About:
CVE-2026-31431 is a local privilege escalation vulnerability in the Linux kernel crypto subsystem, specifically in the algif_aead implementation used by the AF_ALG interface.
The flaw is caused by unsafe handling of in-place operations where source and destination buffers originate from different memory mappings. This condition can be abused by a local attacker to manipulate memory behavior within the kernel.
Successful exploitation may allow an unprivileged user to escalate privileges to root, leading to full system compromise, modification of system state, and potential disabling of security controls.
Public proof-of-concept exploit code is available.
RedLegg will occasionally communicate vulnerabilities released outside the usual release schedule to provide additional value to our customers. These emergency bulletins describe vulnerabilities or threats we classify as the highest severity level and warrant out-of-band emergency patching or mitigation action.
VULNERABILITIES
Local Privilege Escalation Vulnerability in Linux Kernel algif_aead
Identifier: CVE-2026-31431
CVSS Score: 7.8 CVSS 3.1
PoC or Exploitation:
Public proof-of-concept exploit code is available.
Update/ Patch:
The Linux kernel project has released a fix for this vulnerability.
Affected versions include: Linux kernel versions introduced in 4.14 with commit 72548b093ee38a6d4f2a19e6ef1948ae05c181f7
Fixed versions include: kernel 6.18.22 and later with commit fafe0fa2995a0f7073c1c358d7d3145bcc9aedd8
Distribution-specific affected systems include: Ubuntu 16.04, 18.04, 20.04, and 22.04 LTS releases reported as vulnerable
Description:
CVE-2026-31431 is a vulnerability in the Linux kernel crypto subsystem, specifically in the algif_aead implementation used by the AF_ALG cryptographic interface.
The vulnerability was introduced due to unsafe in-place operation handling in the AEAD interface, where source and destination buffers originate from different memory mappings. This design flaw introduces complexity that can be abused by a local attacker.
An attacker can exploit this vulnerability locally to escalate privileges on an affected system. Successful exploitation may allow escalation from an unprivileged user to root, enabling full system compromise, modification of system state, and disabling of security controls.
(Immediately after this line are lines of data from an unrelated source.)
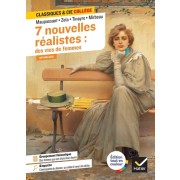  Nouvelles réalistes (Maupassant, Zola, Tinayre, Mirbeau) - avec un groupement thématique « Des femmes qui ont choisi leur destin » 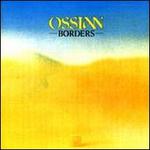 Borders - Ossian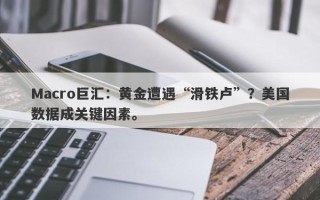 Macro巨汇：黄金遭遇“滑铁卢”？美国数据成关键因素。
Mitigation Recommendation:
Immediately apply kernel updates that include the fix introduced in Linux kernel 6.18.22 or vendor backported patches.
Prioritize patching multi-user systems, container hosts, and environments where untrusted users or workloads can execute code.
If patching is not immediately possible, consider disabling or restricting the algif_aead module where operationally feasible.
Monitor systems for suspicious privilege escalation behavior, unexpected root-level processes, or anomalous kernel activity.
Review distribution-specific advisories from vendors such as Ubuntu, Red Hat, and SUSE to confirm exact affected and fixed package versions.